Search papers, labs, and topics across Lattice.
The paper introduces Open-Reasoner-Zero, an open-source implementation for scaling reinforcement learning on base models for reasoning tasks. It demonstrates that a simple PPO with GAE, combined with rule-based rewards and without KL regularization, can achieve state-of-the-art performance on reasoning benchmarks like AIME2024, MATH500, and GPQA Diamond, surpassing DeepSeek-R1-Zero while using only 1/10th of the training steps. The paper also analyzes the learned critic's ability to identify and devalue repetitive response patterns, leading to more robust advantage estimation and improved training stability.
Forget complex RLHF pipelines: simple PPO with rule-based rewards can outperform state-of-the-art reasoning models while slashing training costs by 90%.
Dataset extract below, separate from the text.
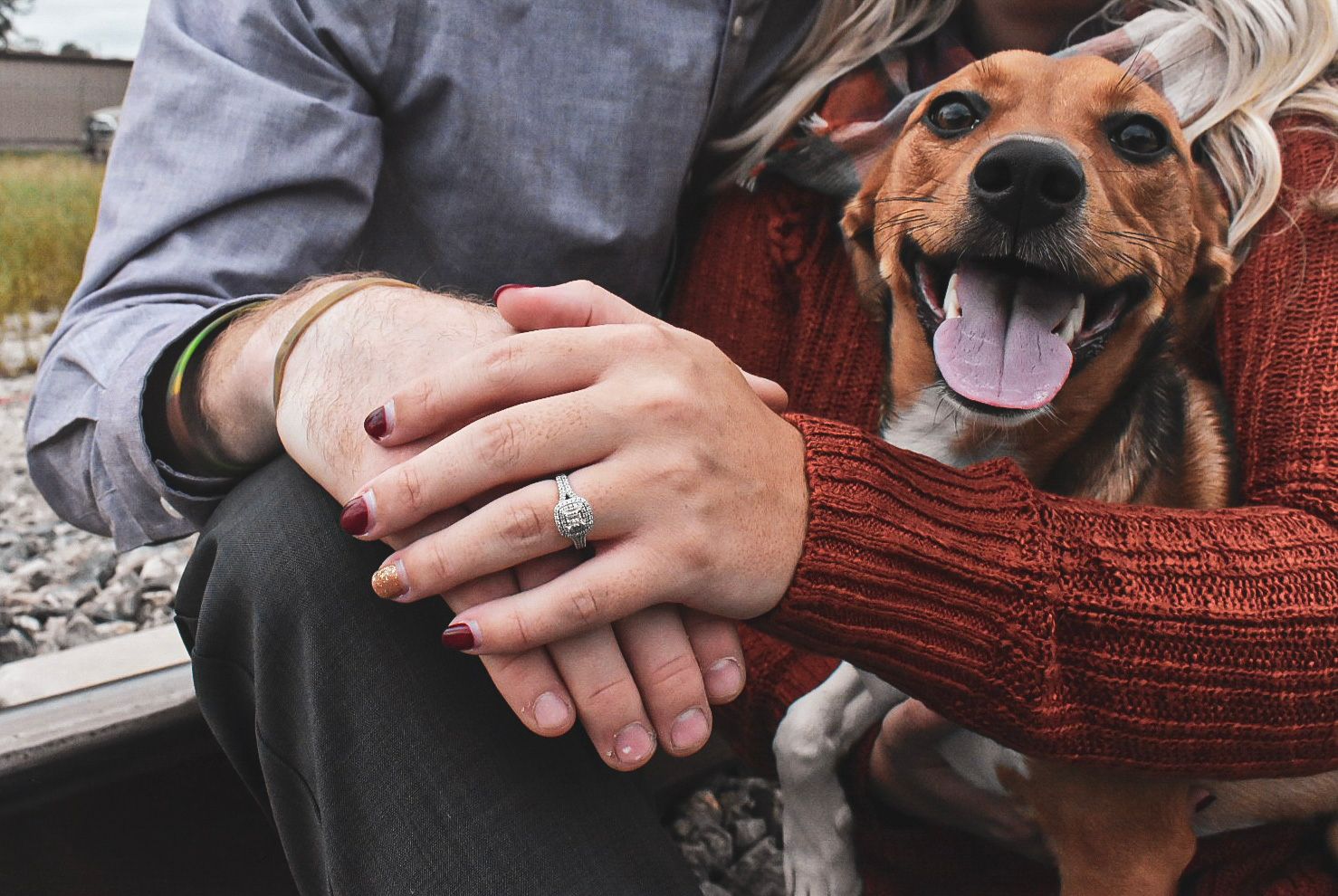 Engagement with Dog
We introduce Open-Reasoner-Zero, the first open source implementation of large-scale reasoning-oriented RL training on the base model focusing on scalability, simplicity and accessibility. Through extensive experiments, we demonstrate that a minimalist approach, vanilla PPO with GAE ($\lambda=1$, $\gamma=1$) and straightforward rule-based rewards, without any KL regularization, is sufficient to scale up both benchmark performance and response length, replicating the scaling phenomenon observed in DeepSeek-R1-Zero. Using the same base model, Qwen2.5-32B base, as DeepSeek-R1-Zero-Qwen-32B, our implementation achieves superior performance across AIME2024, MATH500, and GPQA Diamond, while demonstrating remarkable efficiency, requiring only 1/10 of the training steps compared to the DeepSeek-R1-Zero pipeline. Moreover, our analysis not only covers training dynamics and ablation for critical design choices, but also quantitatively shows how the learned critic in Reasoner-Zero training effectively identifies and devalues repetitive response patterns, yielding more robust advantage estimations and enhancing training stability. Embracing the principles of open-source, we release our source code, training data, and various model weights, fostering reproducibility and encouraging further exploration of the properties of related models.